Critical Massholes - By Joe Reed

I don’t have a car. I have always preferred cycling as an inner city mode of transportation. I was a Boston bike messenger for a while and I have been riding urban traffic for 20 years. I’m now in LA and I continue to live this way.

I love pack rides, I love bicycle events and I love bicycles.

I fucking despise Critical Mass.

The concept of a leaderless movement sounds nice, but it doesn’t work when you have that many people in on it. There’s a reason why anarchy = chaos. I realize that it’s not ALL of you, but it takes just 10 assholes out of 100 to make the whole thing look bad. Unfortunately, you allow those 10 assholes to represent the entire group.

When you have a community like that, you have to keep it cool. You have to stop people from making trouble for everyone else. If you ride in a big sloppy pack, blocking up all the lanes and aggravating drivers then you are inviting drivers to act out aggressively. Antagonism isn’t going to help you assert our right to the road, it’s just going to make drivers want to run us over the next time they see us alone. How can you bitch about people who drive like assholes if you ride like one? Seriously.
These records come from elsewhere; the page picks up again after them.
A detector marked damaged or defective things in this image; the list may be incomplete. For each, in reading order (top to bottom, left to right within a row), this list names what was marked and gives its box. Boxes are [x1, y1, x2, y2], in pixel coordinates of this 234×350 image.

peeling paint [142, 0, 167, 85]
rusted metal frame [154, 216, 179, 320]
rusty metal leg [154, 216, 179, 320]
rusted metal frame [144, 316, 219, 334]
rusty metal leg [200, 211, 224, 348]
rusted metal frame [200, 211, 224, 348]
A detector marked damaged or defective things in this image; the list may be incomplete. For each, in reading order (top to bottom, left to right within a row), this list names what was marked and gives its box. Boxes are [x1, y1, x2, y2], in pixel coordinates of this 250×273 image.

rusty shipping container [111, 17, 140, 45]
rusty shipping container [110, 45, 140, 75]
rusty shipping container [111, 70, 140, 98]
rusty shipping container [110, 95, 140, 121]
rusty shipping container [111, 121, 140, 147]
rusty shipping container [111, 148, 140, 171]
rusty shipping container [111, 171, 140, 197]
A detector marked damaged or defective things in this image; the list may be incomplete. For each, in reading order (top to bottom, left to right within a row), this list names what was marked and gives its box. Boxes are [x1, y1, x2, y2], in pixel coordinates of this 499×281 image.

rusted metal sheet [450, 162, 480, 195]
Make a web site, get some leadership, set some rules and find ways to enforce them. Do SOMETHING before you end up making pack rides illegal in major cities. Believe me, it’s not far fetched at all that your city could get sick of the bullshit and start crackin heads like they’re doing in New York.

I sincerely hope you CMers get your shit together. Right now you couldn’t pay me to be seen in that scene.
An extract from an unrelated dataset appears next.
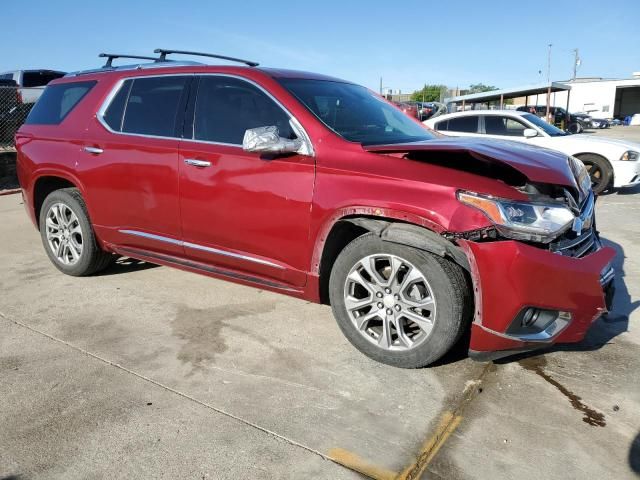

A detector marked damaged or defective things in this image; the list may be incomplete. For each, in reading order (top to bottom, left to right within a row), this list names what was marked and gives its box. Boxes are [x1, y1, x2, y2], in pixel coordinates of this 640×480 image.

Critical Community - By Brad Quartuccio

Critical Mass is all about community. The connections made through this monthly ride in cities across the world has led to partnerships that have forged systemic change for the better of all cyclists. Many people neck deep in urban cycling advocacy can trace their first meeting with like-minded folks to a given Critical Mass, myself included. Since the inception of Critical Mass as we know it back in 1992 cycling access has improved across the country and around the world due in part to the collective work of the CM community, not in spite of it.
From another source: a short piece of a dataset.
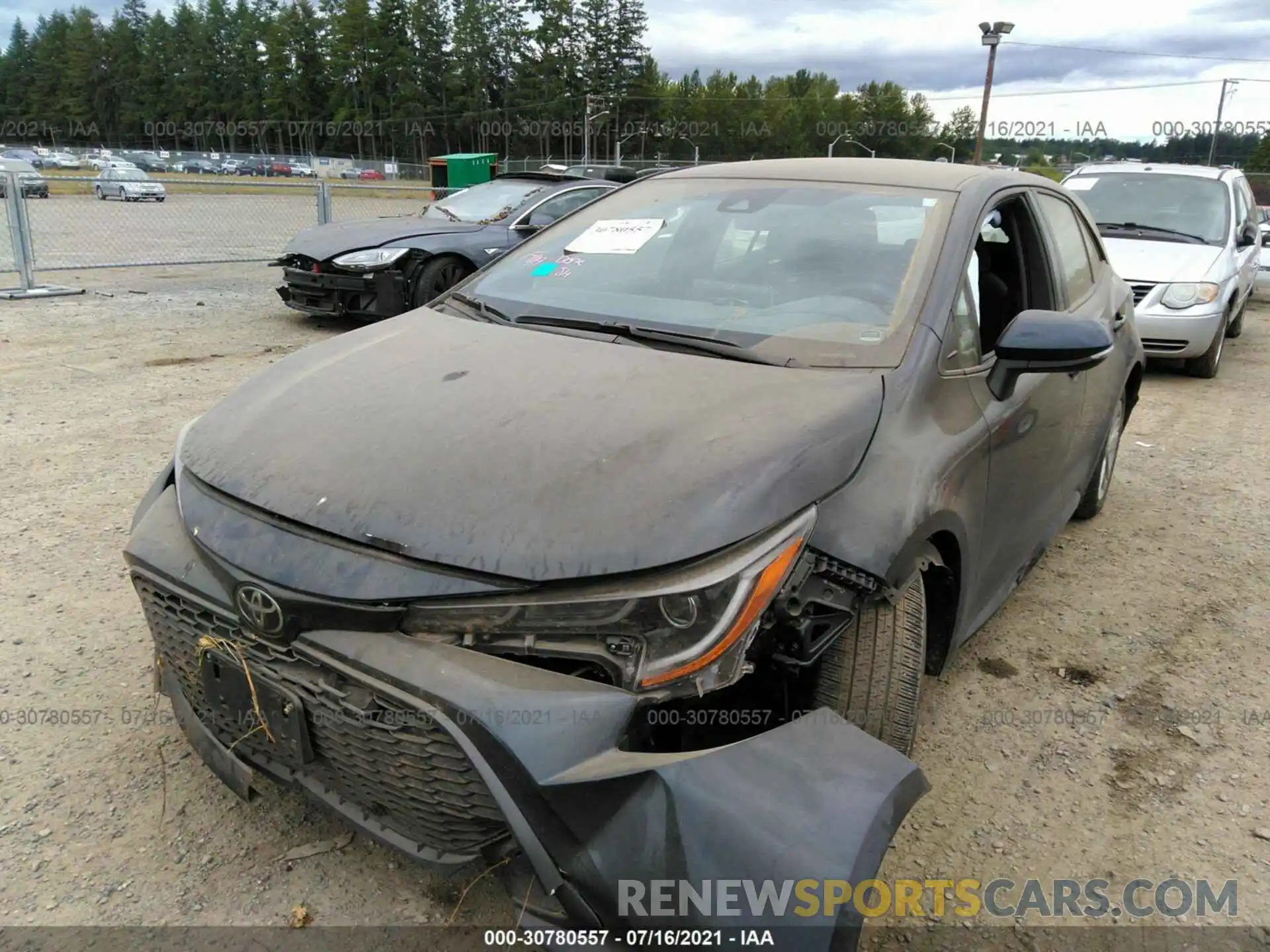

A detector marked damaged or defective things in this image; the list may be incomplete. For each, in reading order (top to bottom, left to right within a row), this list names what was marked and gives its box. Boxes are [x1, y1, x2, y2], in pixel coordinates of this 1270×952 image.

With news outlets in American cities sporting helicopters to report on the recurring, utterly predictable automobile traffic of the morning and evening commute it is an uphill battle to convince me that the momentary inconvenience that drivers may experience from a passing Mass has any real, lasting negative impact. Nevermind the actions of individual riders—there are assholes everywhere, and no reason to believe that cyclesport is absent of them. Lumping all Critical Mass participants together with a few troublemakers is as logical as railing against all drivers because someone cut you off once.

Critical Mass is what you make of it, and the flavor of each city’s ride ebbs and flows with the will of the participants that show up. The friendships made through this unique happening have the ability to change the cycling landscape in ways only limited by our own energy and ideas. We have not reached critical mass yet, but Critical Mass has been a giant step forward with some bumps along the way.